** Records provided follows **

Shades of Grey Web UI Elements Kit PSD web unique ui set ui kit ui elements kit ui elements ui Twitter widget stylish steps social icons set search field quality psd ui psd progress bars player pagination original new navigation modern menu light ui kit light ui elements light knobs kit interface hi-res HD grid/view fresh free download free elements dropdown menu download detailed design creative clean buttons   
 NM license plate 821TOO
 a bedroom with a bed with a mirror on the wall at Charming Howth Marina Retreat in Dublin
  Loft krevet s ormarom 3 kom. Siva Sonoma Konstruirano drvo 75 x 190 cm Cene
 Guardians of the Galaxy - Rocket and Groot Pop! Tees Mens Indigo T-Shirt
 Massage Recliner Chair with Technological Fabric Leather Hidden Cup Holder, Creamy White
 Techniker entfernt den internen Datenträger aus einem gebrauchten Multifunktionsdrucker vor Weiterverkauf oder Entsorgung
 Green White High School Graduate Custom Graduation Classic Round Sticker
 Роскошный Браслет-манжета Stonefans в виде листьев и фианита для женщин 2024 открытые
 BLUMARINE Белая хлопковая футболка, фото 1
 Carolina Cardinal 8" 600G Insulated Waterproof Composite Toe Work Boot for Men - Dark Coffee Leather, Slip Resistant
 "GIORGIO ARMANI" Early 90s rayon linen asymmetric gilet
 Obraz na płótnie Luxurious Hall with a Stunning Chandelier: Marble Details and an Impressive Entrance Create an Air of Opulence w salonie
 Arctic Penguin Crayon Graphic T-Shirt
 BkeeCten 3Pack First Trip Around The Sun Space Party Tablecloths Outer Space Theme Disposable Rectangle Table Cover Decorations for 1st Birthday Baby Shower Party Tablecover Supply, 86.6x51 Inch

** End of Records provided **

▶ [To do]: Each entry above needs to be retyped exactly as it appears.

▶ [Output]:
Shades of Grey Web UI Elements Kit PSD web unique ui set ui kit ui elements kit ui elements ui Twitter widget stylish steps social icons set search field quality psd ui psd progress bars player pagination original new navigation modern menu light ui kit light ui elements light knobs kit interface hi-res HD grid/view fresh free download free elements dropdown menu download detailed design creative clean buttons   
 NM license plate 821TOO
 a bedroom with a bed with a mirror on the wall at Charming Howth Marina Retreat in Dublin
  Loft krevet s ormarom 3 kom. Siva Sonoma Konstruirano drvo 75 x 190 cm Cene
 Guardians of the Galaxy - Rocket and Groot Pop! Tees Mens Indigo T-Shirt
 Massage Recliner Chair with Technological Fabric Leather Hidden Cup Holder, Creamy White
 Techniker entfernt den internen Datenträger aus einem gebrauchten Multifunktionsdrucker vor Weiterverkauf oder Entsorgung
 Green White High School Graduate Custom Graduation Classic Round Sticker
 Роскошный Браслет-манжета Stonefans в виде листьев и фианита для женщин 2024 открытые
 BLUMARINE Белая хлопковая футболка, фото 1
 Carolina Cardinal 8" 600G Insulated Waterproof Composite Toe Work Boot for Men - Dark Coffee Leather, Slip Resistant
 "GIORGIO ARMANI" Early 90s rayon linen asymmetric gilet
 Obraz na płótnie Luxurious Hall with a Stunning Chandelier: Marble Details and an Impressive Entrance Create an Air of Opulence w salonie
 Arctic Penguin Crayon Graphic T-Shirt
 BkeeCten 3Pack First Trip Around The Sun Space Party Tablecloths Outer Space Theme Disposable Rectangle Table Cover Decorations for 1st Birthday Baby Shower Party Tablecover Supply, 86.6x51 Inch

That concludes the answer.